→ Problem to solve: Your answer should repeat exactly the lines from the one holding "een slaapkamer met" through the end of the data, and it should contain no pictures.

→ Data excerpts:
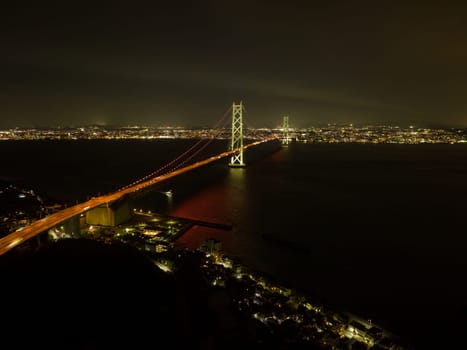 Akashi Kaikyo suspension bridge over dark water between city lights at night. High quality photo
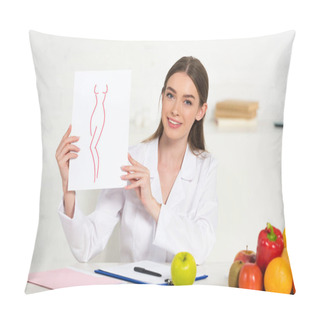 Personality  Smiling Dietitian In White Coat Holding Paper With Image Of Perfect Body At Workplace With Fruits And Vegetables On Table Pillow Covers
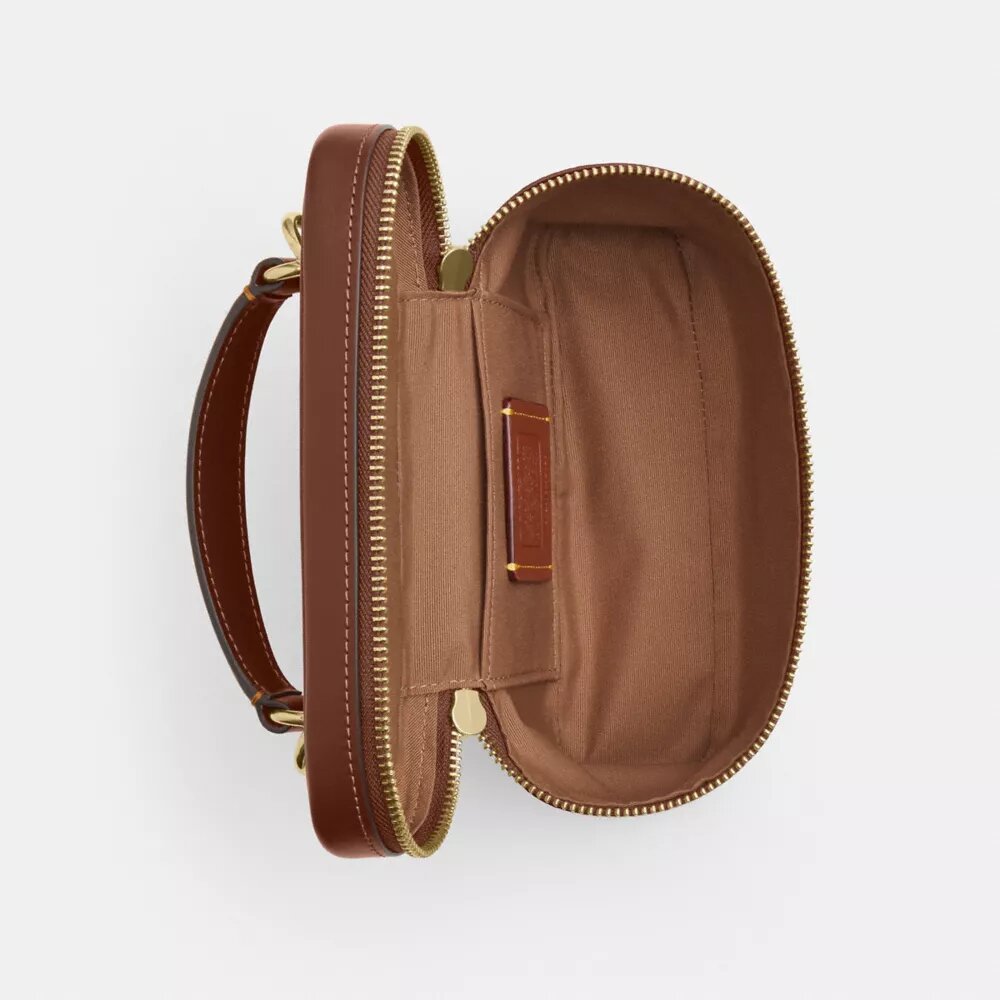 Rainer crossbodytas 18 in Signature Canvas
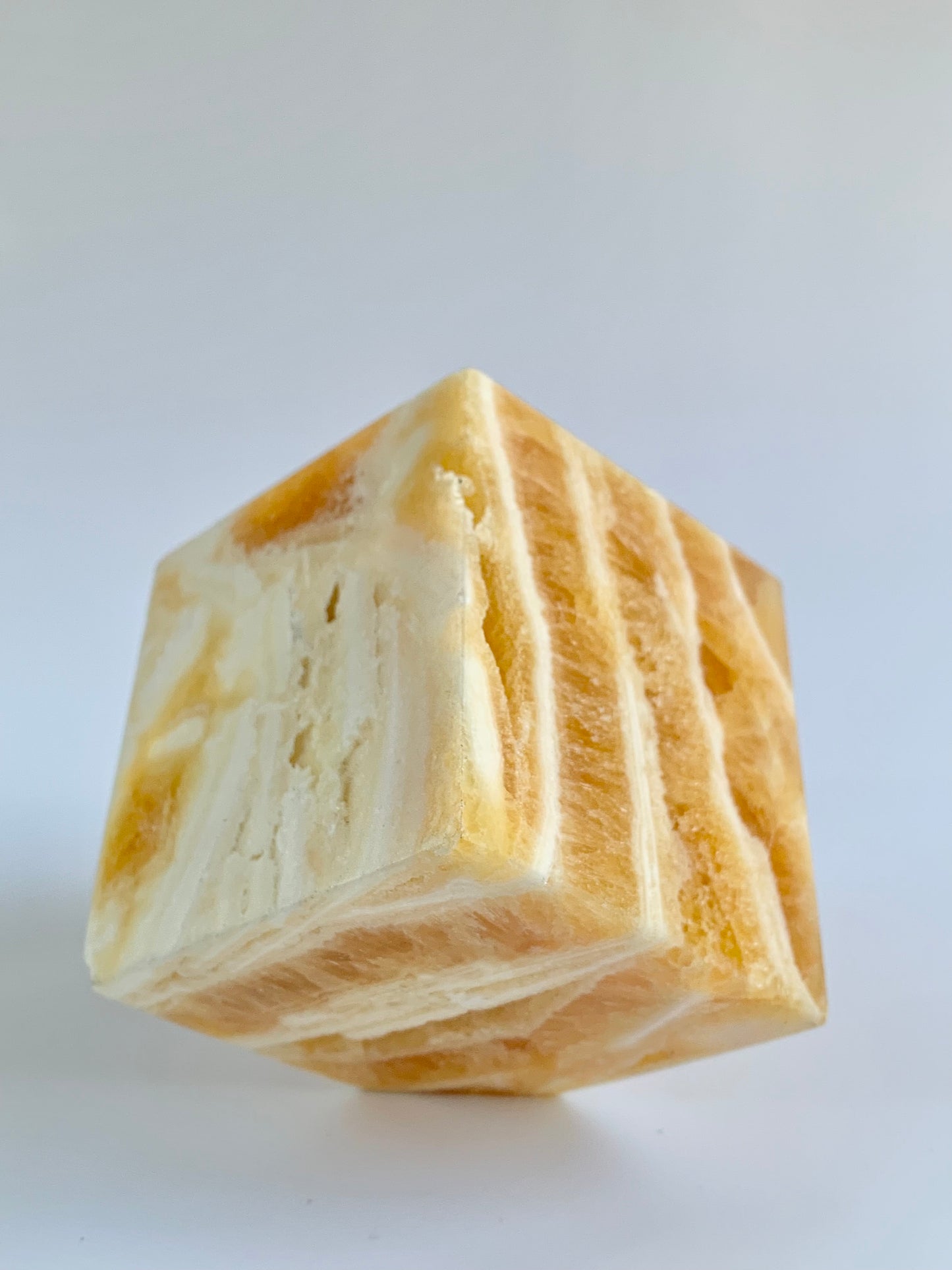 Orange Calcite Floating cube, ~19 oz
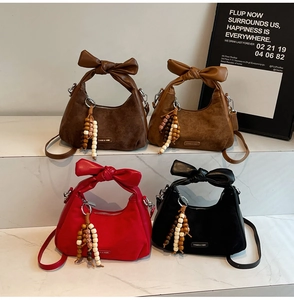 Détail de quatre sacs en daim marron rouge et noir avec des poignées en nœud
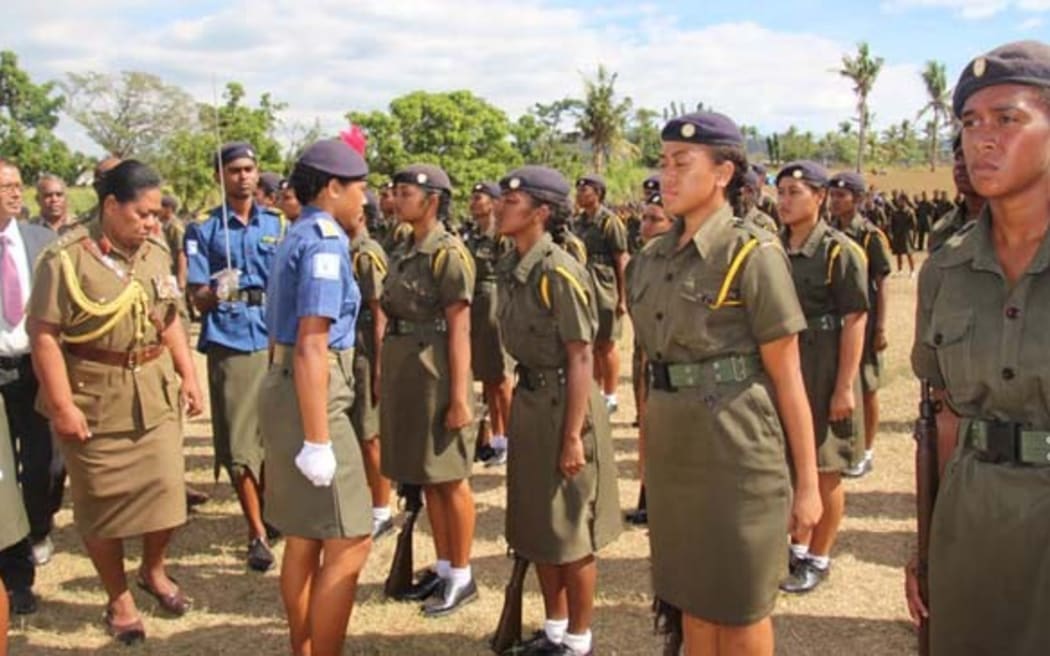 Colonel Litea Seruiratu (fourth from left) reviews detachment of female cadets at Xavier College in Ba.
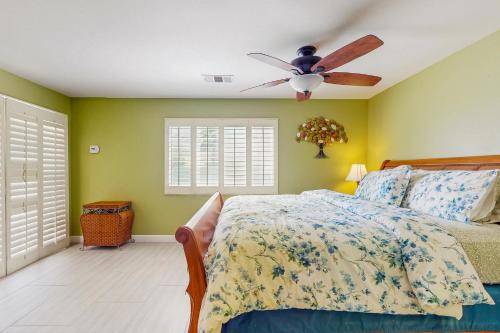 een slaapkamer met een bed en een plafondventilator bij La Quinta Vacation Pool Home in La Quinta
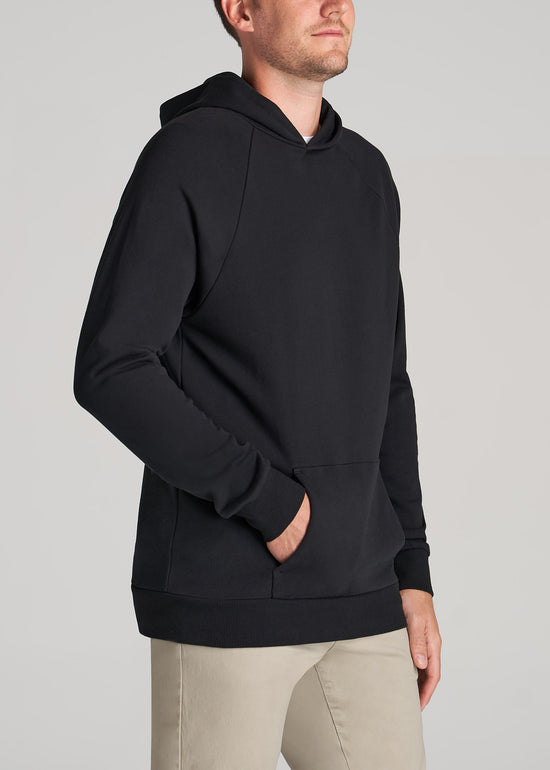 A tall slim man wearing American Tall's Wearever French Terry Raglan Hoodie in the color black.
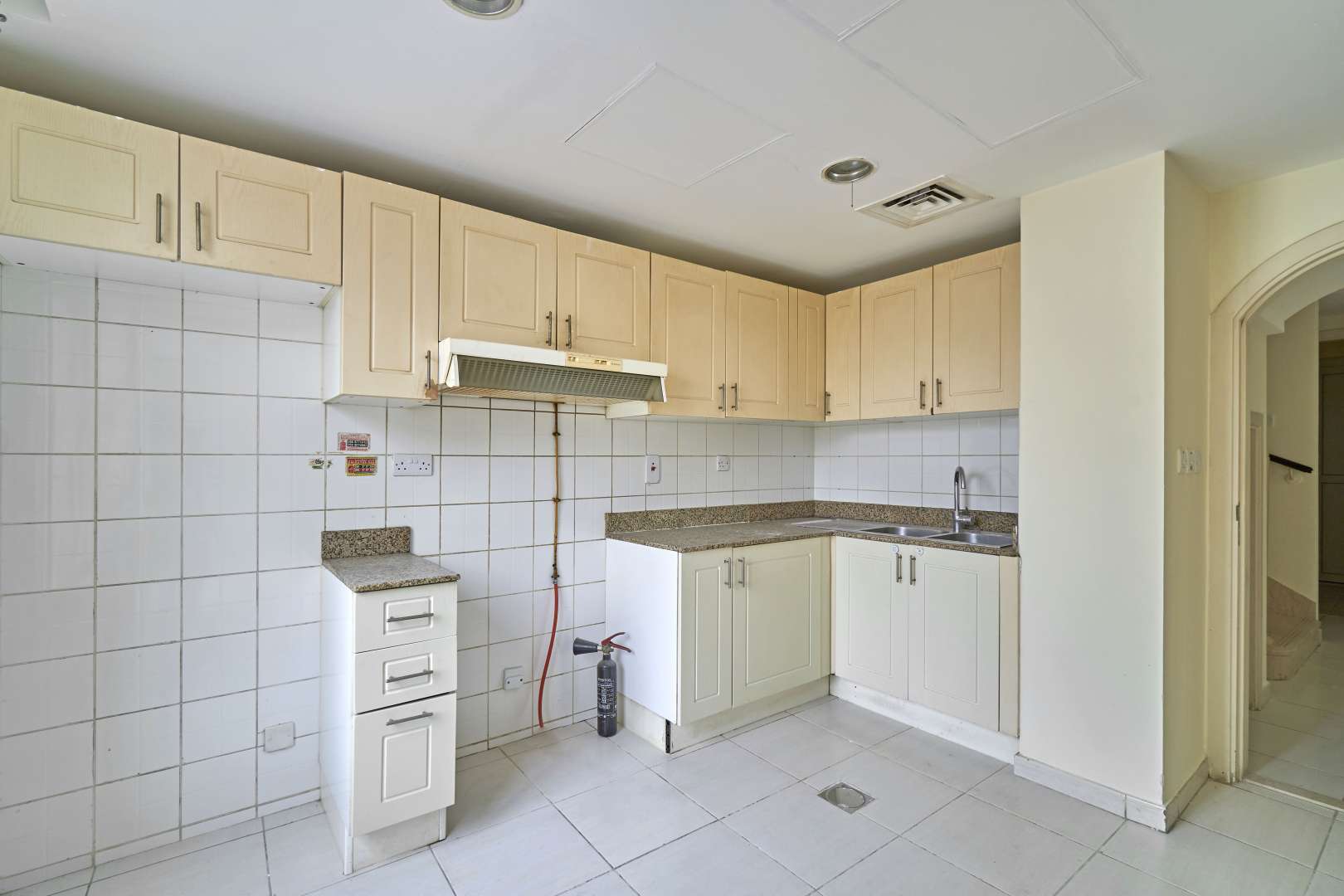 Bright bedroom with tiled floors and balcony access in The Springs villa, Emirates Living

→ Written reply:
 een slaapkamer met een bed en een plafondventilator bij La Quinta Vacation Pool Home in La Quinta
 A tall slim man wearing American Tall's Wearever French Terry Raglan Hoodie in the color black.
 Bright bedroom with tiled floors and balcony access in The Springs villa, Emirates Living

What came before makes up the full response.